Заключается ли в этом ответ на те вопросы, что я задаю себе, как только Стефан оказывается подле меня? Мои постоянные попытки примирить два параллельных мира, разделенных между собой не пространством, а временем. И таким образом, что понадобилась бы не знаю какая научно-фантастическая машина, которую изобретут лишь через пару тысячелетий, чтобы я наконец смогла почувствовать себя ближе к Стефану. Ношу я каблуки или нет, это никак не сказывается на нашей близости, — это лишь симптом. А правда в том, что для него я не женщина. Скажем так, пока не являюсь ею.

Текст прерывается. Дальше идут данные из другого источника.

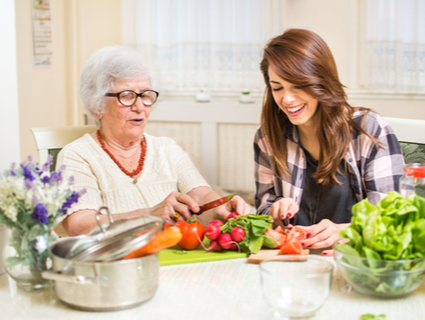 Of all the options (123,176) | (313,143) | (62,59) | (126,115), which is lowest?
(123,176)

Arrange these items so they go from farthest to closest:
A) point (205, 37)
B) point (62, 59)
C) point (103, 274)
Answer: point (62, 59)
point (205, 37)
point (103, 274)

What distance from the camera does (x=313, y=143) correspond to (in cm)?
169

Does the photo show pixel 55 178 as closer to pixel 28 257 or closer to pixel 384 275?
pixel 28 257

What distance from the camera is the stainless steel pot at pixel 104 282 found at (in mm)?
822

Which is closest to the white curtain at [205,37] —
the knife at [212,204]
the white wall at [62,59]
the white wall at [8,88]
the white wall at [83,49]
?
the white wall at [83,49]

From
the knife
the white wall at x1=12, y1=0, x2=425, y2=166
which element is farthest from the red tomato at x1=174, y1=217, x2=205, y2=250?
the white wall at x1=12, y1=0, x2=425, y2=166

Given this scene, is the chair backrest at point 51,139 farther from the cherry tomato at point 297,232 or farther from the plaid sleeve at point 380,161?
the plaid sleeve at point 380,161

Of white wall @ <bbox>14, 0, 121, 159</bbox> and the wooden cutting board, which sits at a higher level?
white wall @ <bbox>14, 0, 121, 159</bbox>

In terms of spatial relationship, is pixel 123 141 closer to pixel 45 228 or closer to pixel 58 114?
pixel 45 228

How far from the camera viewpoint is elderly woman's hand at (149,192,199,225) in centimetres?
151

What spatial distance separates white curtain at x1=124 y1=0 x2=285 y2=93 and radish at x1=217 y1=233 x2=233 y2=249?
6.76 ft

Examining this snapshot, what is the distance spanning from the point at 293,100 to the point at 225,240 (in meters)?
0.61

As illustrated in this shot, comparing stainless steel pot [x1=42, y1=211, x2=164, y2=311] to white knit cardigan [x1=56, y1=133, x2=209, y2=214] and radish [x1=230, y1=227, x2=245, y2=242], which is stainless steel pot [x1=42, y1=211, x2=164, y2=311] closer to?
radish [x1=230, y1=227, x2=245, y2=242]

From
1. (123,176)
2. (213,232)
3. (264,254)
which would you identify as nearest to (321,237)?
(264,254) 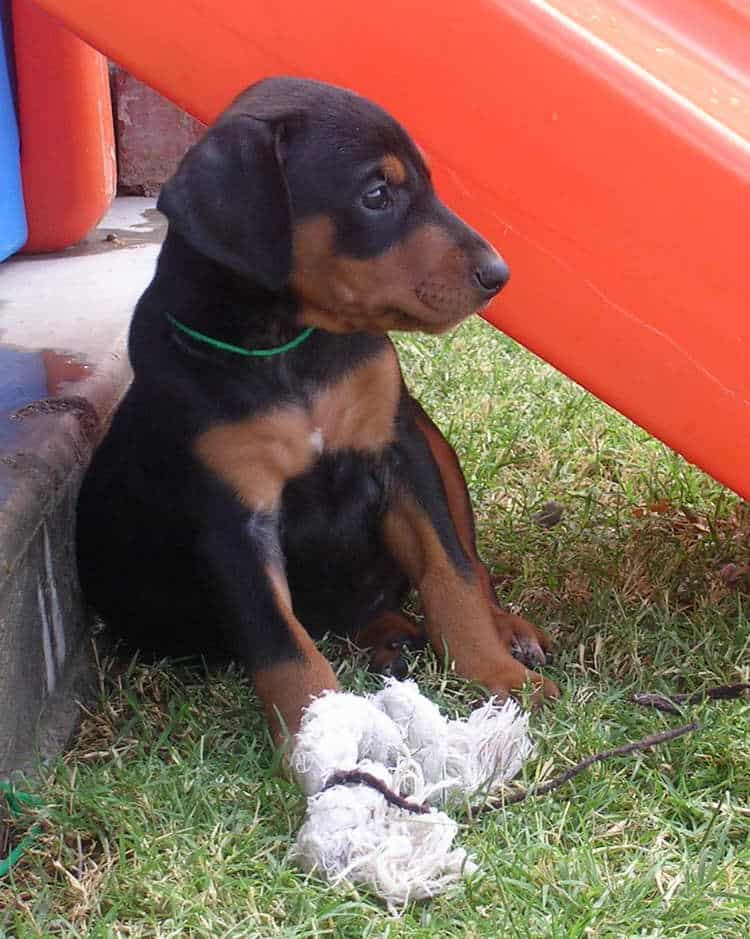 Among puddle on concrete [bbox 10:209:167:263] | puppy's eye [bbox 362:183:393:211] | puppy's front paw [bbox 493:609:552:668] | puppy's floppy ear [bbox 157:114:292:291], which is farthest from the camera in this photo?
puddle on concrete [bbox 10:209:167:263]

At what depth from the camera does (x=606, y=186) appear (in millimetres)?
2656

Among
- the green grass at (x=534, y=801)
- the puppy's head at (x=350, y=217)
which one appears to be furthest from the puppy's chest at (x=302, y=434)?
the green grass at (x=534, y=801)

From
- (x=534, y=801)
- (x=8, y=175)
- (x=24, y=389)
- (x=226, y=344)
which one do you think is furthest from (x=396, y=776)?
(x=8, y=175)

Ну или, если все же являюсь (ведь когда я нагая, это все же очевидно), мне не хватает изощренности, накопленной под натиском мужских желаний на протяжении десятка лет. То, чего мне не достает, чтобы произвести впечатление на Стефана, это та пресловутая добрая воля и равнодушие, которые должны бы сопровождать меня, пока я передвигаюсь на платформах по порочной мостовой Парижа или пока поднимаюсь вверх по лестницам без поручней, ведущим в явно переоцененные клубы, в которые нас не пускают, возможно, потому что боль и незрелость читаются на моем лице. Мне не хватает величия женщин, одетых, чтобы сражать наповал. Не хватает лишних восьми или десяти провокационных сантиметров — этой иллюзии доминирования над мужчинами. Чего мне не хватает в действительности, так это смотреть на него свысока, как я смотрю на любого другого мужчину, на которого мне наплевать.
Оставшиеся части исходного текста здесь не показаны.